Side note: I also noticed that the M6 actually uses a bank of 0805’s rather than 1206 sized resistors. In order to have the same power-handling capability you must spend twice as much on resistors, but it should allow more granular setting of current. (0805’s have 0.5W handling but cost the same as the 1206’s which have 1W handling.)
EDIT: The next step is to determine dropout voltage, but I think I’ll have to build the real driver for that testing to have any meaning.
Thanks for the scope shots. Does anyone have a link to a thread in here somewhere with scope shots for 7135? Also, the QX7136 has pins on both sides, are they the same pin on both sides (making it a 3 pin component) or are they actually different pins (making it a five pin component)?
No, at least not with a conventional potentiometer. Two Three things stand in your way: 1. The pot must be able to dissipate enough power (0.05*X.X amps). 2. The pot must be extremely low value, we’re talking about a pot that’s has a sweep like 1 ohm to 0.0025 ohm or something. +3. I think that wiring in a pot as a sense resistor could introduce a lot of extra wiring resistance and things and give unexpected results.
Is your interest simply in having a knob to freely adjust brightness, or are you specifically interested in using a potentiometer in place of a sense resistor? If you just want a brightness knob, I did recently start a little bit of work on that. Our discussion in this short thread about the classic Lambda VaraPower driver led me to start hacking up some code. I posted about it in the STAR firmware thread in a small handful of posts strewn between 670 and 715. Most notably #688, #712, and #715.
I’ve set that aside for the moment, but if all you want is a driver which lets you adjust the brightess freely/continuously with a knob then that will be easy. I’m shooting for a driver with LVP which lets you adjust the brightness with a knob.
I don’t have a link to that. Therefore I took a minute to check a single 7135 at an unknown duty cycle (looks like 70% maybe?) and see what it looked like. I was surprised! It mostly doesn’t turn fully off… mostly. It totally ends up all the way off for a brief period during each PWM pulse though, take a look below. This is not how I thought the output looked on these, actually. [Note that the small yellow marker one division above the bottom in the lower left is 0v.]
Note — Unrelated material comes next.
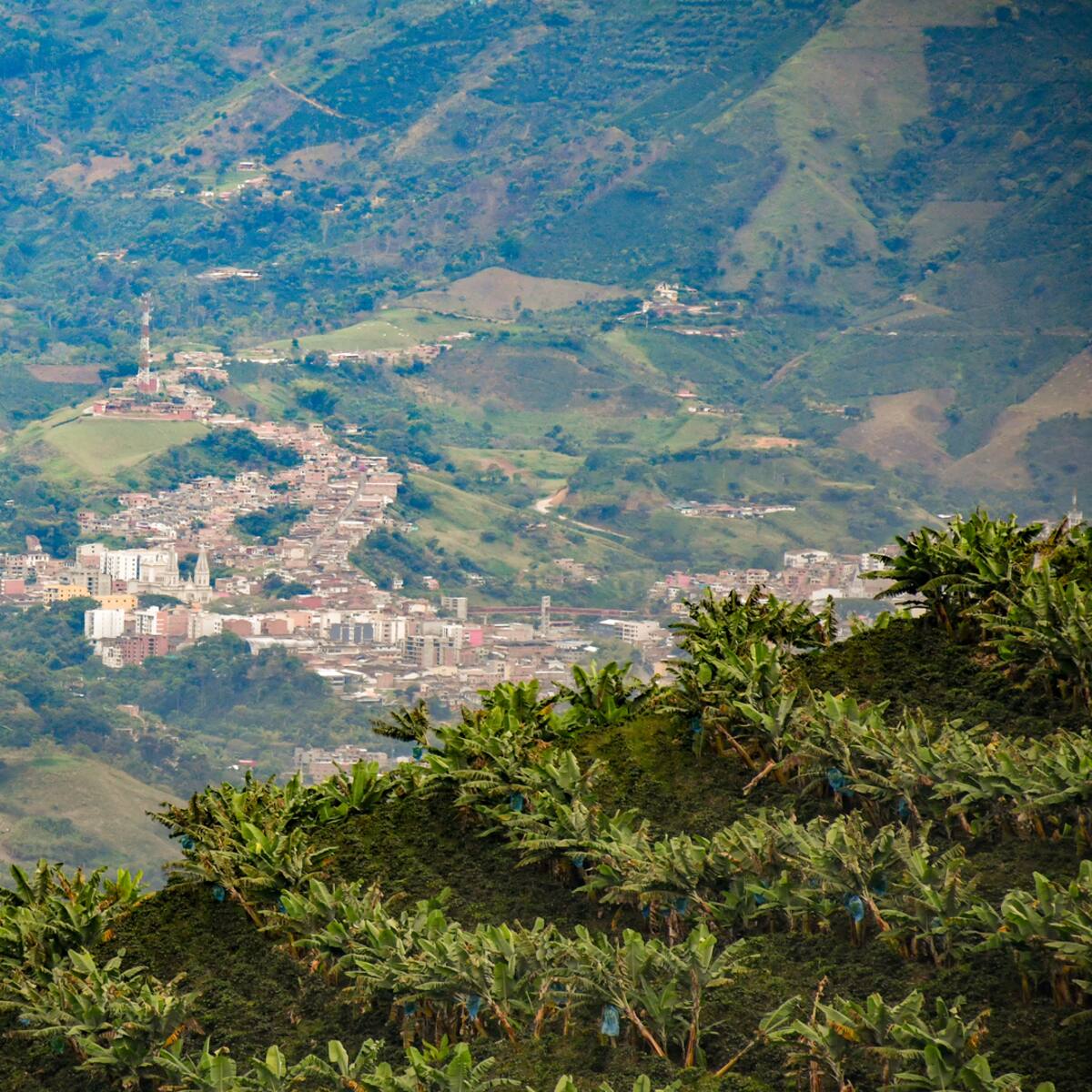 Cuando trasladaban un cadáver, el Clan del Golfo hostigó al CTI y se originó un combate en Andes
As to your other question, it’s a 5-pin component. It can drive an LED at low currents on it’s own, without an FET. We don’t use that pin here (Pin ‘LED’). The other pins are DRV, CS, GND, VDD. It’s in the datasheet.
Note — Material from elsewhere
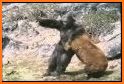 Rope Hero vs Bigfoot Gorilla related image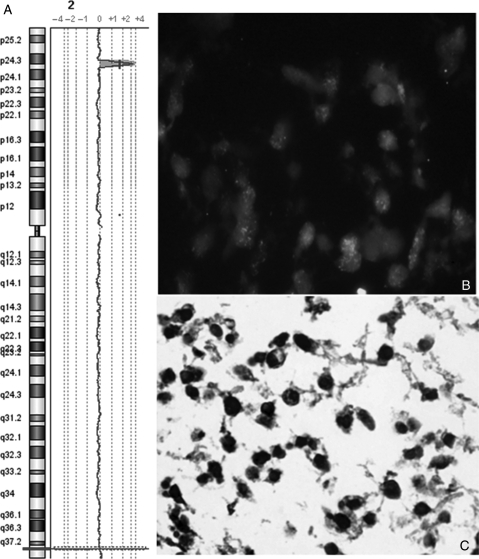 Fig. 4.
Thanks for the answer about the problems that come with using a potmeter for setting the sense resistor value.
I tried to read through the lambdalight thread with my limited grasp of electronics, but what spoils for me the use of a pot for varying brightness in that type of driver is that the pot setting is converted into pwm after all.
You’re welcome. If you want a PWM free output you can probably implement that by feeding the ATtiny’s PWM into an LD-29. IIRC that outputs a smooth constant current at every drive level, but the MCU outputs PWM.
I agree. I’m speculating that the short “full off” is where we get the resonance/buzzing from, but I could be wrong.
The Rds(on) of SiR800DP is much lower than DTU30N02 while Qg is higher. Another MOSFET I recently looked at is the Vishay SiS414DN. That one has a slightly lower Rds(on) than DTU30N02 while having a lower Qg. The “Output Characteristics” graph looks very similar, while Transfer Characteristics are shifted to slightly lower voltage.
Based on what little I know, I think both are strong candidates for this application. I’ve got to figure out my inventory on other parts and then I’ll place a Mouser order. If anyone has thoughts on other FETs which they feel may be good candidates, now would be the time to speak up.
The silkscreen has not been updated significantly, it is messy and incorrect.
The thin horizontal lines displayed inside the larger copper pours are all OSH Park rendering artifacts. The copper pours are solid.
The top PCB is symmetrical, it may be placed face up or face down. It may be “remote” mounted but it must be isolated from the flashlight body in any case of course.
The top PCB is 15mm in diameter and 10mm wide.
The top PCB is designed to be rotated either 55º or 75º. 55º is the recommended rotation and is the one displayed here.
Four (4) size 1206 sense resistor pads are available.
3 connections are required between the two PCBs: GND, Csense, and DRV. Csense is the center connection, DRV is available on the two small vias, and GND is availble at the end beyond the sense resistors.
Two 1.2mm vias are provided for GND on the daughter PCB. The second 1.2mm via may be used to attach GND to a GND screw on the pill.
LED+ connects to the bottom, parent, PCB and bypasses the daughter PCB. LED- connects to one of the four 1.2mm vias next to the FET on the daughter PCB.
(This board is not available to order since I just slapped two boards into one Gerber.)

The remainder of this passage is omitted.